**What to produce:** Restate the records so that not a single word differs.
........
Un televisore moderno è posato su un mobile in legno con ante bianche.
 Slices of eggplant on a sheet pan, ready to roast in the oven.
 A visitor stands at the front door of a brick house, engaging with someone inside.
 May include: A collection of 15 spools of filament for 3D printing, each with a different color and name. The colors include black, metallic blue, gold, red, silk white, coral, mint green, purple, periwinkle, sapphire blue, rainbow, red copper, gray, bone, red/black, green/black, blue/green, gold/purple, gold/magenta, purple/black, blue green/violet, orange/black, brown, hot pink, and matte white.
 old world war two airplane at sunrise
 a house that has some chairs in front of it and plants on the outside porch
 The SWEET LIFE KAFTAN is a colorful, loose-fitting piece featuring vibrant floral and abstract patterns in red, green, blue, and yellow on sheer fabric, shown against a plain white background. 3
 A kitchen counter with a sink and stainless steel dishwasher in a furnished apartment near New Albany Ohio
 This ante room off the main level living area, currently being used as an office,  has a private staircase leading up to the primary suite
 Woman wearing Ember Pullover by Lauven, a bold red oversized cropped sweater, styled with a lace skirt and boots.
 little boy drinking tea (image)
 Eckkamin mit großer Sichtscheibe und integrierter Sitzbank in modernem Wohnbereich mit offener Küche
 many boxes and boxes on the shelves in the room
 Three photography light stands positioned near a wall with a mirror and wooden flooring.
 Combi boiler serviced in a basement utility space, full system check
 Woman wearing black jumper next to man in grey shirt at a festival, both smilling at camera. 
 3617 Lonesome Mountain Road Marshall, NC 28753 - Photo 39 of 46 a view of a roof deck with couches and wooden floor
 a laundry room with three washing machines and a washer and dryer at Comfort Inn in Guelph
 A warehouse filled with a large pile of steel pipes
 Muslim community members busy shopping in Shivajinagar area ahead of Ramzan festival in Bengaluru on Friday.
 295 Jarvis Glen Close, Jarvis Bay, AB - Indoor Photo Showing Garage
........
**Result:**
Un televisore moderno è posato su un mobile in legno con ante bianche.
 Slices of eggplant on a sheet pan, ready to roast in the oven.
 A visitor stands at the front door of a brick house, engaging with someone inside.
 May include: A collection of 15 spools of filament for 3D printing, each with a different color and name. The colors include black, metallic blue, gold, red, silk white, coral, mint green, purple, periwinkle, sapphire blue, rainbow, red copper, gray, bone, red/black, green/black, blue/green, gold/purple, gold/magenta, purple/black, blue green/violet, orange/black, brown, hot pink, and matte white.
 old world war two airplane at sunrise
 a house that has some chairs in front of it and plants on the outside porch
 The SWEET LIFE KAFTAN is a colorful, loose-fitting piece featuring vibrant floral and abstract patterns in red, green, blue, and yellow on sheer fabric, shown against a plain white background. 3
 A kitchen counter with a sink and stainless steel dishwasher in a furnished apartment near New Albany Ohio
 This ante room off the main level living area, currently being used as an office,  has a private staircase leading up to the primary suite
 Woman wearing Ember Pullover by Lauven, a bold red oversized cropped sweater, styled with a lace skirt and boots.
 little boy drinking tea (image)
 Eckkamin mit großer Sichtscheibe und integrierter Sitzbank in modernem Wohnbereich mit offener Küche
 many boxes and boxes on the shelves in the room
 Three photography light stands positioned near a wall with a mirror and wooden flooring.
 Combi boiler serviced in a basement utility space, full system check
 Woman wearing black jumper next to man in grey shirt at a festival, both smilling at camera. 
 3617 Lonesome Mountain Road Marshall, NC 28753 - Photo 39 of 46 a view of a roof deck with couches and wooden floor
 a laundry room with three washing machines and a washer and dryer at Comfort Inn in Guelph
 A warehouse filled with a large pile of steel pipes
 Muslim community members busy shopping in Shivajinagar area ahead of Ramzan festival in Bengaluru on Friday.
 295 Jarvis Glen Close, Jarvis Bay, AB - Indoor Photo Showing Garage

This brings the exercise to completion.